Não seria exagero afirmar que, na prática, as “novidades” começavam em “Fight It Back”. Eis a chance de conferir ao vivo composições deixadas de lado conforme novos lançamentos do Accept iam se acumulando. E cabe uma menção: a reprodução do solo por Dee foi sensacional. “Head Over Heels” mostrou-se ótima e, até onde pesquisamos, se a contagem e os dados inseridos no site Setlist.fm estiverem fidedignos, ela nunca havia sido tocada no Brasil, nem mesmo pelo Accept em seus vinte e oito shows por aqui desde a estreia em maio de 2011, no mesmo Carioca Club.
Indo de uma grata surpresa a outra ainda superior, “Losing More Than You’ve Ever Had” mostrou-se ao vivo um verdadeiro musicão! Ao anunciarem-na, Udo e Peter entraram num divertido embate quando o primeiro garantiu que ela nunca havia sido tocada antes, em lugar algum, até seu companheiro lembrá-lo que a haviam feito duas noites antes em Bogotá e o vocalista reconhecer, portanto, esta ser a segunda vez. A julgar pela aceitação coletiva, seria um acerto mantê-la em futuros setlists.
Fim do lado A, era hora de recomeçar no B a partir de “Love Child”, mas devemos admitir: tanto ela quanto “Turn Me On” possuem relevância na obra — houve quem por elas se esgoelasse, especialmente nos refrãos —, mas ambas deram uma leve esfriada e houve quem capitulasse, preferindo garantir uma cerveja ou descarregar um dos efeitos de seu consumo.
E se você esperava o mesmo em “Losers and Winners”, ledo engano, pois ela voltou a revitalizar a massa.
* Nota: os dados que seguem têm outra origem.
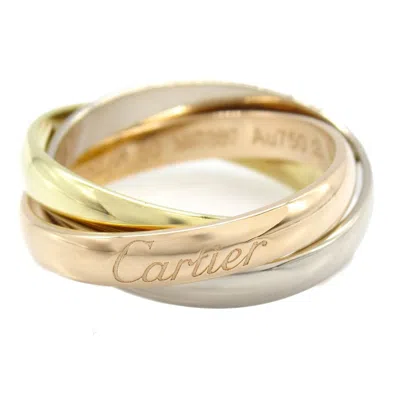 Pre-owned Cartier Gold Yellow Gold (18k) Pink Gold (18k) White Gold (18k) Band Ring ()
Concluindo o disco e a parte regular do set, vieram “Guardian of the Night” (outra inédita, exceto por dois dias atrás) e “Winterdreams”, a mais próxima de uma “balada” a que chegamos.
Numa espécie de “bis”, mesmo sem terem ido ao backstage, mandaram brasa com “Burning”, com um quê de AC/DC e não um, nem dois, mas três finais falsos! “Mais recente do repertório”, a outro foi “Amamos la Vida”, do citado “Objection Overruled”, chegando a uma hora e quarenta e sete minutos de uma tremenda noite. Digerindo tudo que acabava de acontecer e rumo à saída, é sempre rico ouvir frases soltas em análises entre amigos, uma espécie de “termômetro” ainda fervente, é claro. E dois depoimentos se destacaram: “Quando é esse negócio de álbum inteiro, eu não resisto… Quando você vai ouvir essas músicas?”; e “Setlist melhor do que os atuais do Accept porque não tem as novas”.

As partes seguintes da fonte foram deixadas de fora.